NVSHMEM Release 2.7.0
Welcome to the NVIDIA® NVSHMEM™ 2.7.0 release notes.
Key Features And Enhancements
-
Default Hopper Support (i.e. sm_90 and compute_90)
-
A new (Experimental) CMake build system
-
Performance improvements to the GPU Initiated Communication (GIC) transport. Specifically, improvements were made to the synchronization and concurrency paths in GIC to improve the overall message rate of the transport.
-
Support for CUDA minor version compatibility in the NVSHMEM library and headers.
- Compatibility checks for the inbuilt bootstrap plugins.
- Limited DMA-BUF memory registration support. This enables using NVSHMEM core functionality without the nv_peer_mem or nvidia_peermem modules. DMA-BUF registrations are only supported up to 4 GiB in NVSHMEM 2.7.
- SO Versioning for both the nvshmem_host shared library and the precompiled bootstrap modules.
- NVSHMEM now links statically to libcudart_static.a instead of libcudart.so. This increases the NVSHMEM library size, but removes the requirement for applications to provide the dependency for NVSHMEM.
Limitations
- NVSHMEM is not yet compatible with the PMI client library on Cray systems and must use the NVSHMEM internal PMI-2 client library. Jobs can be launched with the PMI bootstrap by specifying --mpi=pmi2 to Slurm and NVSHMEM_BOOTSTRAP_PMI=PMI-2. PMI-2 can also be set as the default PMI by setting NVSHMEM_DEFAULT_PMI2=1 when building NVSHMEM. Jobs can also be launched directly by using the MPI or SHMEM bootstraps.
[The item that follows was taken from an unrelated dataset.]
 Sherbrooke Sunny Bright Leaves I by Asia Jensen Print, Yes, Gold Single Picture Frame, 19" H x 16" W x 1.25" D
- The libfabric transport does not yet support VMM and VMM must be disabled by setting NVSHMEM_DISABLE_CUDA_VMM.
- Libfabric support on Slingshot-11 networks requires setting the following environment variable, FI_CXI_OPTIMIZED_MRS=false.
- VMM support is disabled by default on Power 9 systems because of a performance regression.
-
MPG support is not yet available on Power 9 systems.
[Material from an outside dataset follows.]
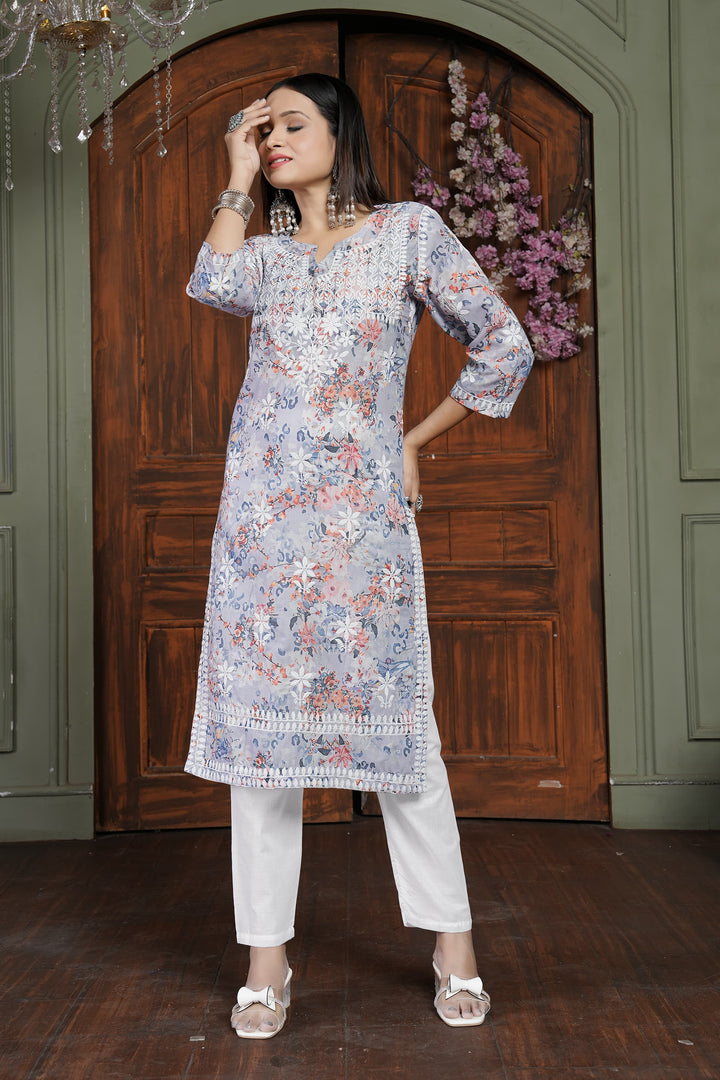 Stylish Women’s Cotton Kurti Set | Digital Print & Embroidery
- Systems with PCIe peer-to-peer communication require one of the following
-
InfiniBand to support NVSHMEM atomics APIs.
-
The use of NVSHMEM’s UCX transport that, if IB is absent, will use sockets for atomics.
-
- NVSHMEM host APIs can be dynamically linked, but device APIs can only
be statically linked.
- This is because the linking of CUDA device symbols does not work across shared libraries.
- nvshmem_barrier*, nvshmem_quiet, and
nvshmem_wait_until only ensure ordering and visibility
between source and destination PEs on systems with NVLink and InfiniBand.
- They do not ensure global ordering and visibility.
- When built with GDRcopy and when using Infiniband, NVSHMEM cannot allocate
the complete device memory because of the inability to reuse the BAR1
space.
This has been fixed with CUDA driver releases 470 and later and in the 460 branch.
- When NVSHMEM maps the symmetric heap using cudaMalloc, it sets the
CU_POINTER_ATTRIBUTE_SYNC_MEMOPS attribute, which
automatically synchronizes synchronous CUDA memory operations on the
symmetric heap.
With CUDA 11.3 and later, NVSHMEM supports the mapping of the symmetric heap by using the CUDA VMM APIs. However, when you map the symmetric heap by using the VMM APIs, CUDA does not support this attribute, and users are responsible for the synchronization. For additional information about synchronous CUDA memory operations, see API synchronization behavior.
Fixed Issues
- An issue in the local buffer registration path `nvshmemx_buffer_register` where collisions between overlapping memory regions were not properly handled.
-
An issue causing validation errors in collective operations when all GPUs in a job are connected via PCIe without a remote transport using the proxy thread.